I shall tell you some things tonight that are awful to contemplate; but, perhaps, it is best that you know of them. They may arouse you from your lethargy if there is any manhood, womanhood or love of country left in you. I have just come from a state which has an injunction on every other foot of ground. Some months ago the president of the United Mine Workers asked me to take a look into the condition of the men in the mines of West Virginia. I went. I would get a gathering of miners in the darkness of the night up on the mountain side. Here I would listen to their tale of woe; here I would try to encourage them. I did not dare to sleep in one of those miner’s houses. If I did the poor man would be called to the office in the morning and would be discharged for sheltering old Mother Jones.

Oppression.

I did my best to drive into the down-trodden men a little spirit, but it was a task. They had been driven so long that they were afraid. I used to sit through the night by a stream of water. I could not go to the miners’ hovels so in the morning I would call the ferryman and he would take me across the river to a hotel not owned by the mine operators.

The men in the anthracite district finally asked for more wages. They were refused. A strike was called. I stayed in West Virginia, held meetings and one day as I stood talking to some break-boys two injunctions were served upon me. I asked the deputy if he had more. We were arrested but we were freed in the morning. I objected to the food in the jail and to my arrest. When I was called up before the judge I called him a czar and he let me go. The other fellows were afraid and they went to jail. I violated injunction after injunction but I wasn’t re-arrested. Why? The courts themselves force you to have no respect for that court.

A few days later that awful wholesale murdering in the quiet little mining camp of Stamford [Stanaford] took place. I know those people were law-abiding citizens. I had been there. And their shooting by United States deputy marshals was an atrocious and cold-blooded murder. After the crimes had been committed the marshals— the murderers—were banqueted by the operators in the swellest hotel in Pennsylvania. You have no idea of the awfulness of that wholesale murder. Before daylight broke in the morning in that quiet little mining camp deputies and special officers went into the homes, shot the men down in their beds, and all because the miners wanted to try to induce “black-legs” to leave the mines.

How It Started.

I’ll tell you how the trouble started. The deputies were bringing these strikebreakers to the mines. The men wanted to talk with them and at last stepped on ground loaded down with an injunction. There were thirty-six or seven in the party of miners. They resisted arrest. They went home finally without being arrested. One of the officials of the miners’ unions [Chris Evans] telegraphed to the men. “Don’t resist. Go to jail. We will bail you out.” A United States marshal stood in the [telegraph office?] that message was received [by the operators’ deputized gunthugs?] [Evans?] sent back word that the operators would not let them [the organizers] use the telephone to send the message to the little mining camp and that he [Chris Evans] could not get there before hours had passed.

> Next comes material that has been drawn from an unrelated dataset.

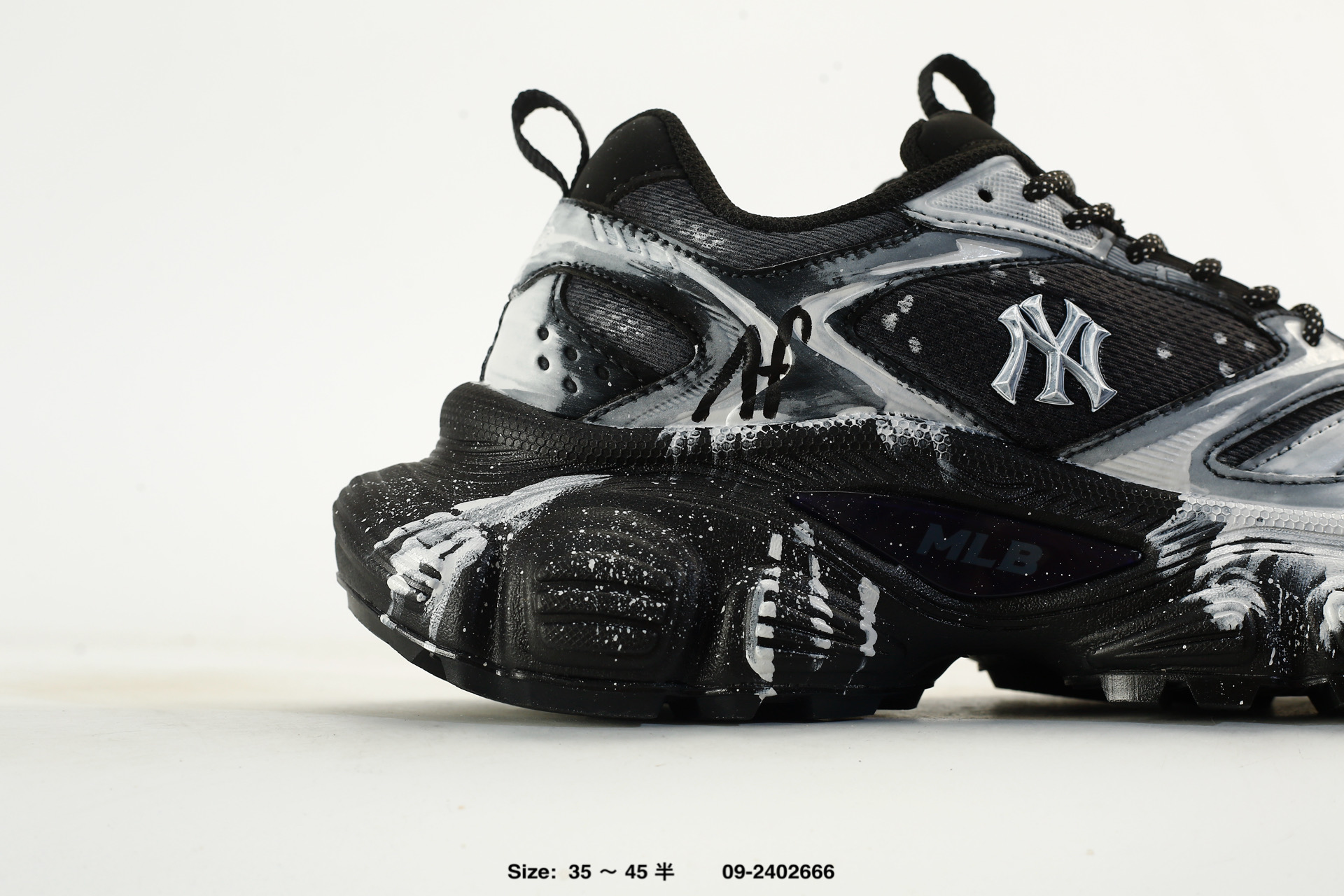 MLB Winner Chunky – 3ASHWD05N, photo 2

The miners’ officials secured the names of the men and gave their representatives authority to bail them out of jail the next morning. But when the next morning arrived they were murdered in cold blood.

These federal judges, who continue granting injunctions, are appointed by men who have their political standing through the votes of you labor union fellows! You get down on your knees like a lot of Yahoos when you want something. At the same time you haven’t sense enough to take peaceably what belongs to you through the ballot. You are chasing a will-o-the-wisp, you measly things, and the bullets which should be sent into your own measly, miserable, dirty carcasses, shoot down innocent men. Women are not responsible because they have no vote. You’d all better put on petticoats. If you like those bullets vote to put them into your own bodies. Don’t you think it’s about time you began to shoot ballots instead of voting for capitalistic bullets.